Court of Appeals of Texas, Fifth District, Dallas

July 31, 2019


          On Appeal from the County Court at Law No. 3 Dallas County, Texas Trial Court Cause No. CC-16-01273-C

          Before Justices Myers, Molberg, and Carlyle



         Parking Company of America Valet, Inc. and Parking Company of America Love Field, Inc. appeal the trial court's judgment in favor of Bradley Ryan Fellman on his suit for damages. Fellman sued appellants after their employee, a valet parking attendant, crashed Fellman's car. Fellman sued appellants for breach of the bailment contract and for violations of the Texas Deceptive Trade Practices-Consumer Protection Act (DTPA). See Tex. Bus. & Com. Code Ann. §§ 17.41-.63. Appellants bring three issues on appeal contending the trial court erred by (1) denying appellants' motion to strike Fellman's expert witness who testified to the diminution in value of the car as a result of the accident; (2) granting Fellman's motion for summary judgment on his claim for breach of contract; and (3) rendering judgment for Fellman on his claim under the DTPA. We reverse the trial court's judgment in part and vacate the award of treble damages under the DTPA, vacate the trial court's award of attorney's fees and prejudgment interest, otherwise affirm the judgment, and remand the case to the trial court to determine the amount of attorney's fees and prejudgment interest.

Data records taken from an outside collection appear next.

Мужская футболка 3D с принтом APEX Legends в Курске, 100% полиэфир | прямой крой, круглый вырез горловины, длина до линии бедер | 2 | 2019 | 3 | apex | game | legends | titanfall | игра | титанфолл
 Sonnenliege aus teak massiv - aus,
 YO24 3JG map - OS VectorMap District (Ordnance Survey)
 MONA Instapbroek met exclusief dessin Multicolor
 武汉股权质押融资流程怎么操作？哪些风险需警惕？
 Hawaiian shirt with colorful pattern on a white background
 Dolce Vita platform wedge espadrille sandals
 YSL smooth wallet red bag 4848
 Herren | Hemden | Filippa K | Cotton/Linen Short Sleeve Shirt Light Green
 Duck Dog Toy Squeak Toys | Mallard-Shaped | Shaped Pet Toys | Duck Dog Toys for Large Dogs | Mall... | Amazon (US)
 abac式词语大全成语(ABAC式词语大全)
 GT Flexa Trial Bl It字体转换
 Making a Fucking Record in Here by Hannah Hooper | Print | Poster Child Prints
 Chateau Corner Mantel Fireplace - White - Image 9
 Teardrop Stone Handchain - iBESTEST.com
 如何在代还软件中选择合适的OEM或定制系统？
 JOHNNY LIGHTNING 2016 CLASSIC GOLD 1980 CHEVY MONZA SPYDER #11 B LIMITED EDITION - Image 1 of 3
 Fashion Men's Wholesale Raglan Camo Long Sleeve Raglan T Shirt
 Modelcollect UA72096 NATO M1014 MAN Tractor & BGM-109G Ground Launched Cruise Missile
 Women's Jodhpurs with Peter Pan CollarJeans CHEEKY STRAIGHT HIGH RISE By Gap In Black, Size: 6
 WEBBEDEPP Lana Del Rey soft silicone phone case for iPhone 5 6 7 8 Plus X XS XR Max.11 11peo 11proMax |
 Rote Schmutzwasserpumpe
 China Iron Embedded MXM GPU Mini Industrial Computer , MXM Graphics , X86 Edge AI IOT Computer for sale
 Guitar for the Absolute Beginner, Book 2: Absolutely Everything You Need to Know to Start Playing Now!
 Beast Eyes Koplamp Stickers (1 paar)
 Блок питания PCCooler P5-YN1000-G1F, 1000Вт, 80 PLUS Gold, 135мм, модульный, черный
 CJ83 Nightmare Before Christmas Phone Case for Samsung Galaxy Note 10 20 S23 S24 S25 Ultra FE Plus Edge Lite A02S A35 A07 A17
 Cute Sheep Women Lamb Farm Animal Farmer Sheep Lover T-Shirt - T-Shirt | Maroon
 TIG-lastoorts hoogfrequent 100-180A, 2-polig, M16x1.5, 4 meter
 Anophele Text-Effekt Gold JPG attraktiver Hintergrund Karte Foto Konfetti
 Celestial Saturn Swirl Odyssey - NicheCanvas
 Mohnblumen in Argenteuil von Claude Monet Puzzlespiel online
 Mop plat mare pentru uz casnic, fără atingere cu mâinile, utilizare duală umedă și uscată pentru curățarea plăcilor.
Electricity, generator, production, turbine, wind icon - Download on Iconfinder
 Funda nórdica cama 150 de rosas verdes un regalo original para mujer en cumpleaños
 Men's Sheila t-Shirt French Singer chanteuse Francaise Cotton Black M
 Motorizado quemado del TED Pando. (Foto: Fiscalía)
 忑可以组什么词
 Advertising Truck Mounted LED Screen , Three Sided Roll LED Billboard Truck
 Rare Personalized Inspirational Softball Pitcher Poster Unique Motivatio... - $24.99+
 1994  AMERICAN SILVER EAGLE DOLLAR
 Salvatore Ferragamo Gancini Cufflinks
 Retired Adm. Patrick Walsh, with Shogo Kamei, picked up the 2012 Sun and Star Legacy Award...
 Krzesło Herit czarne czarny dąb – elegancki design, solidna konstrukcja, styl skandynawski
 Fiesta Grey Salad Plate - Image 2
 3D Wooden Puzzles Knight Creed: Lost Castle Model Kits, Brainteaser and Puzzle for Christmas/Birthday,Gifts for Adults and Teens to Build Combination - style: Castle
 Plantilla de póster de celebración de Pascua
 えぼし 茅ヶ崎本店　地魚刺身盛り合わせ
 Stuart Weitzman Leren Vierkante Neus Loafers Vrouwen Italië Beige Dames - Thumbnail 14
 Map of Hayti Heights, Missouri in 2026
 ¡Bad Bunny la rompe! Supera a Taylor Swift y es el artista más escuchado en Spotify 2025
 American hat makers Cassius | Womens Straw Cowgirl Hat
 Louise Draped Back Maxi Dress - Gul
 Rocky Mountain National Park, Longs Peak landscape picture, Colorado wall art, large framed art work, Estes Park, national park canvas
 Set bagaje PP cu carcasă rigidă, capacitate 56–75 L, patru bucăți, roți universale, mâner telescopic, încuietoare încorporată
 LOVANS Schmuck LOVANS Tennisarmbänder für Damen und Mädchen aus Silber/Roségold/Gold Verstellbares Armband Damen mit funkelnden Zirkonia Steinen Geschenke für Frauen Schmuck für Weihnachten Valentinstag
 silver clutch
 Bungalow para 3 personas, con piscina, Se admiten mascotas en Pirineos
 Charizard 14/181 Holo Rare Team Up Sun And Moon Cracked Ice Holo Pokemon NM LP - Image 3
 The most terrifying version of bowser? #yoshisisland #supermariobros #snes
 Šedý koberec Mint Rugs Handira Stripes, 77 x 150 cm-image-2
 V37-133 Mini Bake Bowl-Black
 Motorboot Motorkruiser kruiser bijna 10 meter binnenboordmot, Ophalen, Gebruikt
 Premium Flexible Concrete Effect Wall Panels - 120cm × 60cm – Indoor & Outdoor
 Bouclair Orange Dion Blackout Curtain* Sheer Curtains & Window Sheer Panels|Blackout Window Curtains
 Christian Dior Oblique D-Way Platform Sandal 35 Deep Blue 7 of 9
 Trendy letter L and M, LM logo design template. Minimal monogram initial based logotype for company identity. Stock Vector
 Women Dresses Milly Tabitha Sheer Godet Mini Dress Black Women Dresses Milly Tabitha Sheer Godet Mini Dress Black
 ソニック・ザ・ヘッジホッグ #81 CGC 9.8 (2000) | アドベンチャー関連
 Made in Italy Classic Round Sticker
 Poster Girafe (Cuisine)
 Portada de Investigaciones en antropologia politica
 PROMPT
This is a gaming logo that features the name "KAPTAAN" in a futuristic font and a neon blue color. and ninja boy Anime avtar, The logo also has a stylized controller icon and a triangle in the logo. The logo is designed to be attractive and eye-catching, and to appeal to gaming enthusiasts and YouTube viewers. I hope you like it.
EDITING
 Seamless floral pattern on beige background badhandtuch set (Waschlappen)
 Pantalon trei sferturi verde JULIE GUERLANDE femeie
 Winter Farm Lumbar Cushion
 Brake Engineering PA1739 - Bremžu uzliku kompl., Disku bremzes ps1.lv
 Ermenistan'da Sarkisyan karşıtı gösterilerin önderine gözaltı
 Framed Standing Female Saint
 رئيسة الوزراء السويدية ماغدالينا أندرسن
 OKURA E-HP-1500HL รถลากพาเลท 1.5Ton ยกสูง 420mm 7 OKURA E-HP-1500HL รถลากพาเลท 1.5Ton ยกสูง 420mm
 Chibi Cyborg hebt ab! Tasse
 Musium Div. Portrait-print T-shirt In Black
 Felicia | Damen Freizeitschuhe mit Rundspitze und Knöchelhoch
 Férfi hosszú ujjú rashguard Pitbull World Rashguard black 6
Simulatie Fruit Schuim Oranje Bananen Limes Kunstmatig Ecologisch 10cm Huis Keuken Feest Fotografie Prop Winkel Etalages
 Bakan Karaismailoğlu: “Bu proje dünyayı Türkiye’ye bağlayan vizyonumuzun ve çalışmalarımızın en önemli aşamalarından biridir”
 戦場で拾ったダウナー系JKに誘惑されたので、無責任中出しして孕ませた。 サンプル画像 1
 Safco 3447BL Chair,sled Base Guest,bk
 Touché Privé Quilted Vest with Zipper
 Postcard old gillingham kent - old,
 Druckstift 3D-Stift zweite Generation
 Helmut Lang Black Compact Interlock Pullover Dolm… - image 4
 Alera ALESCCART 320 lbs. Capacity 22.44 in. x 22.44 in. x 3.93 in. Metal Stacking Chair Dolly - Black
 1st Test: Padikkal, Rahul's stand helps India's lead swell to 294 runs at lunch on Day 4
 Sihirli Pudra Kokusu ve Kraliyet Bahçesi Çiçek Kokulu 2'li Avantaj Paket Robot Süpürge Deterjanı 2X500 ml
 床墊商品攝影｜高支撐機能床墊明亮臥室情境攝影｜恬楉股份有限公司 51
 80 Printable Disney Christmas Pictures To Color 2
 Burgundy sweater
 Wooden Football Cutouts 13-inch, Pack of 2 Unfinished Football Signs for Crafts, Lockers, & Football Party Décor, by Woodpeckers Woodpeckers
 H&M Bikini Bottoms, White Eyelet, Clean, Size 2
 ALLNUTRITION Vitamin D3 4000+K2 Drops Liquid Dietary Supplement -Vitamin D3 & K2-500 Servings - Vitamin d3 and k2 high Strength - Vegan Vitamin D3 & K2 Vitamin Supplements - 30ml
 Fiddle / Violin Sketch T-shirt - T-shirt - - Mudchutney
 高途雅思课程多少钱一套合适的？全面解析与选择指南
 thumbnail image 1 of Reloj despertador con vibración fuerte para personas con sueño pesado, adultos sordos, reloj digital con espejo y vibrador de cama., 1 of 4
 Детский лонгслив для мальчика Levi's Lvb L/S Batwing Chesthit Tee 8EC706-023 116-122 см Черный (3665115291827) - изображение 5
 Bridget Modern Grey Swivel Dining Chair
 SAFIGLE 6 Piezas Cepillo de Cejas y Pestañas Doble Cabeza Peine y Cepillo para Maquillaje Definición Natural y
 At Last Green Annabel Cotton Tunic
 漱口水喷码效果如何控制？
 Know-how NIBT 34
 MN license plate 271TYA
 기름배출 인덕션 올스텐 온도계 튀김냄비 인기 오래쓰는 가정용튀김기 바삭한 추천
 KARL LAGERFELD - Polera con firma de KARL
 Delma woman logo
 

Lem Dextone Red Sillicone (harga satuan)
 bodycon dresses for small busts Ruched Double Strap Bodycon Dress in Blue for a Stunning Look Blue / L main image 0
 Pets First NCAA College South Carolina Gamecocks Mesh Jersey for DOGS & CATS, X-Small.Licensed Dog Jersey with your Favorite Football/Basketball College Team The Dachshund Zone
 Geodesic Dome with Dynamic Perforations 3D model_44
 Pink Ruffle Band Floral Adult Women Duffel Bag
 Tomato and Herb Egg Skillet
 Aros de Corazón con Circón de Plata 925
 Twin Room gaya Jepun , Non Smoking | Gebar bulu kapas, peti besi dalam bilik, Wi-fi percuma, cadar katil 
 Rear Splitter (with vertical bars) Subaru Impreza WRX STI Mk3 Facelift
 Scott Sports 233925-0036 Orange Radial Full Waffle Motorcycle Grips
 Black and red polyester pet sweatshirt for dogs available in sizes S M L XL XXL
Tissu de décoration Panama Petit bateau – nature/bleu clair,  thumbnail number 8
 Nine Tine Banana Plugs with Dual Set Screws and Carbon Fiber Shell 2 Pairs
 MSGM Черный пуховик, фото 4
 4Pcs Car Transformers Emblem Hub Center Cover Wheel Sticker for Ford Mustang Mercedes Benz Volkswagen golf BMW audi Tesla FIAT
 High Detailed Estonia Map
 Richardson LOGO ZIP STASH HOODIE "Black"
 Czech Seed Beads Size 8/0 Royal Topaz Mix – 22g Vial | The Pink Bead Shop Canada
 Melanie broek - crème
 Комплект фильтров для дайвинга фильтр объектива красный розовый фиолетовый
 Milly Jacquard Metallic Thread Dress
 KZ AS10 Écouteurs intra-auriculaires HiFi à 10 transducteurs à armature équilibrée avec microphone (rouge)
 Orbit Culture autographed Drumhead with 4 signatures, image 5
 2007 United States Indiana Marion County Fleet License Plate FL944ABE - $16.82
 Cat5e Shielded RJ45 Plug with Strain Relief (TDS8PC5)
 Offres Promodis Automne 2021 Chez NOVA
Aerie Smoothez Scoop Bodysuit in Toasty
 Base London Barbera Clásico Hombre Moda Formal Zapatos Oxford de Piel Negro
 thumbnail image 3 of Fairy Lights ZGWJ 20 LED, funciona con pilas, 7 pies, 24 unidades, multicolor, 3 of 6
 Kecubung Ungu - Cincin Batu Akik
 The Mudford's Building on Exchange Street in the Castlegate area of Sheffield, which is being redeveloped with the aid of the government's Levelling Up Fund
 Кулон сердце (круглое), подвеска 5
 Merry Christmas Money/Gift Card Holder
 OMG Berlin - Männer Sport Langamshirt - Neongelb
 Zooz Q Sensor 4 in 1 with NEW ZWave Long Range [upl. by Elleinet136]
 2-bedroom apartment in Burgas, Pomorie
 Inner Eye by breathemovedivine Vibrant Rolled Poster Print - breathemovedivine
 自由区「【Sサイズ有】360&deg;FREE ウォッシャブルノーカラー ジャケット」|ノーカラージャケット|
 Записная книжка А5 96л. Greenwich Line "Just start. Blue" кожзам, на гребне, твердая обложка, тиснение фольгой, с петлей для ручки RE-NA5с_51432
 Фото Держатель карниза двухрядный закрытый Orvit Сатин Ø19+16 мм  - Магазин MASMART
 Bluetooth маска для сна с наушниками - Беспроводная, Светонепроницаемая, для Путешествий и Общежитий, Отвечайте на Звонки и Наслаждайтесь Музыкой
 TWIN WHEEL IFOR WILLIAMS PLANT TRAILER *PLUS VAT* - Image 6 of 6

         Appellants operate a valet parking service at Love Field Airport in Dallas. Fellman, an attorney, owned a limited-edition 2004 MX-5 Mazdaspeed Miata. Fellman had made over $11, 000 worth of upgrades to the car.

         On August 24, 2015, Fellman drove his car to Love Field Airport and left it with appellants to be valet parked. At that time, the car was undamaged. The parking attendant gave Fellman the customer's portion of a claim ticket. The lot for valet-parked cars was next to the location where drivers leave the cars with the parking attendants. The parking attendant, Adrian Miranda, did not drive the car directly to the lot but instead went on a joyride, driving Fellman's car around the airport. While doing so, Miranda collided with a concrete pillar, damaging the front and right front corner of the car. Miranda filled in the retained portion of the claim ticket to show, falsely, that the damage he caused was present when Fellman left the car to be valet parked.

         When Fellman returned to pick up his car, he was told his car was damaged. Fellman spoke to the manager, Kevin Fanning, and explained that the car was not damaged when he left it with appellants. Fanning did not believe Fellman, and Fanning showed Fellman the claim ticket showing the car was damaged when Fellman left the car with appellants. Fanning accused Fellman of making a fraudulent claim. Fellman asked Fanning to check the security video to see if it showed what happened.

         When Fanning viewed the security video, he saw the car was undamaged when Fellman left it with Miranda and that Miranda drove it beyond the area appellants used for parking cars. Fanning called Fellman and told him the accident was appellants' fault and that appellants would pay all expenses including the towing fee, cost of repairs, and car-rental charges.

         In October 2015, the repairs to Fellman's car were completed. Fellman sent Fanning an e-mail with the information about paying for the repairs, but appellants did not pay them. Fellman's auto insurer paid the repair shop for the cost of the repairs minus the amount of the deductible, and Fellman paid the repair shop the amount of his insurance deductible. In late October 2015, Fellman sent appellants a demand letter for payment of the damages, insisting appellants pay $9, 233.79 to Fellman's insurer for the towing fee, the repairs, and the rental-car charges paid by the insurer. Fellman also demanded payment to him of $4, 422.85 for his uninsured expenses consisting of his insurance deductible of $422.85, $3, 000 for 10 hours of his time spent dealing with the repairs, and $1, 000 for diminution in value to the car as a result of the accident. Fanning told Fellman that appellants would pay for the diminution in value if Fellman got a written appraisal. Fanning told Fellman that appellants would not pay Fellman for his time. The next month, Fellman sent Fanning a written appraisal setting forth the diminution in value to the car as a result of the accident. Appellants did not pay Fellman or his insurer.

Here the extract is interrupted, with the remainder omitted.